I've come to love the way Hank says "Barry." How did you work on the accent? Is there a Noho Hank version of the Chechen accent?
Carrigan: In terms of research, I did a lot of rabbit hole-ing down the YouTube. That was certainly a huge resource for me. We also had a dialect specialist come in to help me with specific sounds, but for the most part this is also a character who moves to the United States and really wants to acclimate.
That brings me to the name: Noho Hank.
Carrigan: Spoiler: Probably not his real name. Most likely not his Chechen birth name.
Do you imagine "Noho" came because he just loves North Hollywood so much?

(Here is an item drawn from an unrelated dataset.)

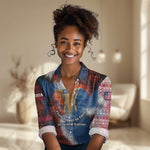 Liberia Elephant Power of Tradition Women Casual Shirt Tribal Red Blue Splash - African Pride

Carrigan: Yeah, I think that's exactly what it is. I think he landed there and he was just like, "Oh yeah, oh baby." This is now who I am.

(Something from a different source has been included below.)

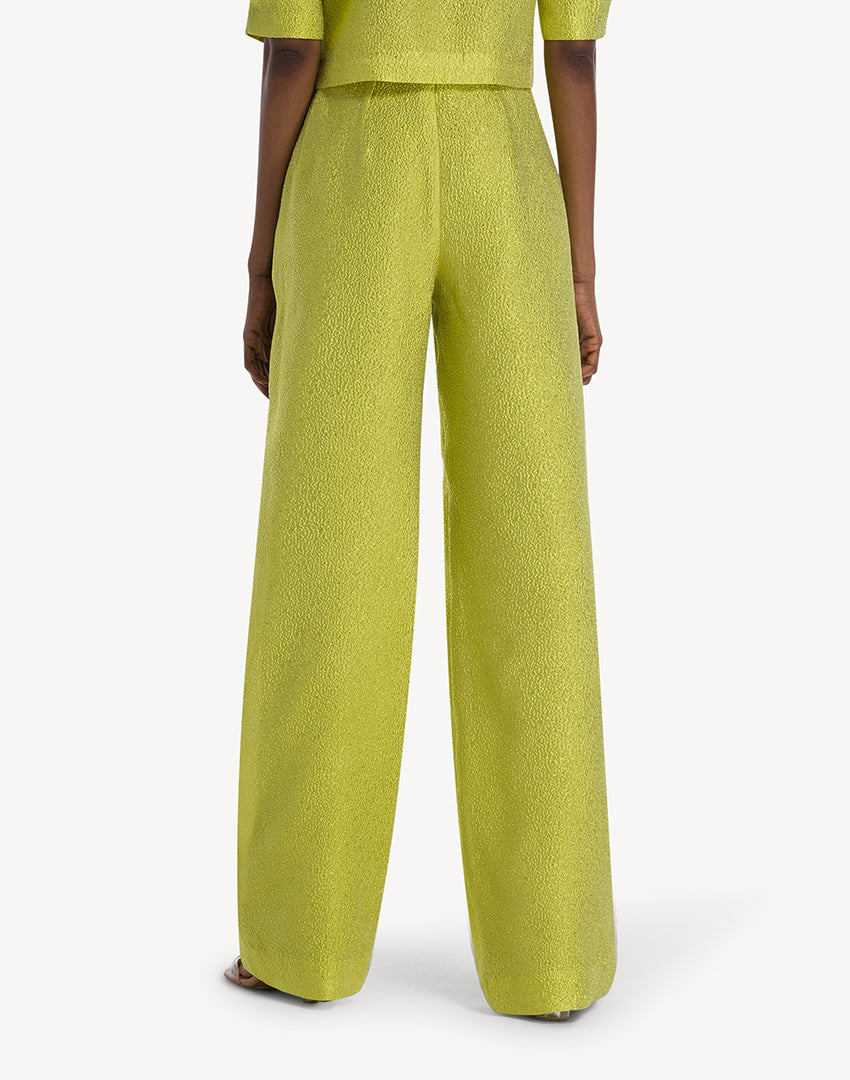 Silk Brocade High Waisted Trousers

In terms of this character's strange proclivities, was there something that has become part of him that was created on the fly?
Carrigan: Before we shot the pilot, I talked to Bill about the tattoos. And the tattoos were something that I was, like, "Well, now that we have the time to actually think about it, this is actually probably pretty meaningful." You know, obviously there are people, maybe like in Williamsburg, who have tattoos for no reason or whatever -- they're ironic and don't mean anything. But I feel like Hank's tattoos are very meaningful and tell a story. As far as on the fly, that was maybe a little bit more premeditated but certainly a huge thing in terms of informing the character.
Can you tell me some of the story of those tattoos?
Carrigan: A lot of those tattoos are representative of time in prison and time in crime. What you went to prison for, how many years you served, if you served three out of six years -- that's one of the tattoos. One of the tattoos is a scorpion which meant he did time in the hole. Hank has certainly had a hard life, which is kind of not necessarily what his nature would depict.
The show does have this darkness, but Noho Hank comes on the screen and lights it up for a minute.
Carrigan: He lights it up for sure. He's a beaming light.
The scenes with Noho Hank are almost more of the comic relief than the stuff in the acting class. And you would think it would be the opposite.
Carrigan: Leave it to the Chechen crime boss to have a moment where you can relax and laugh for a little bit. But that's what Barry does so well. It totally flips it on its head and makes you kind of question what exactly you're rooting for, and makes you wonder, what is this dynamic? But it's a dynamic that's pulled off so well and it's so largely in tribute to Bill Hader and [co-creator] Alec Berg with such a clear vision, who are able to walk this tightrope tonally which is so different.
It seems like Noho Hank just wants to have friends. Barry says to him, you could take the whole mob, and Noho Hank's dreaming about going 50-50 with the Bolivian boss Cristobal.
Carrigan: That's more important to him. It's so funny. As far as a character study, it's really endearing. I feel like a lot of people who are involved in crime are in it for themselves and are in it to make their name and really rise above everyone else. Hank doesn't want to do that, he wants to keep his friends around, he wants that sense of camaraderie. Cream rises to the top but let's make sure you guys are all creamy, too.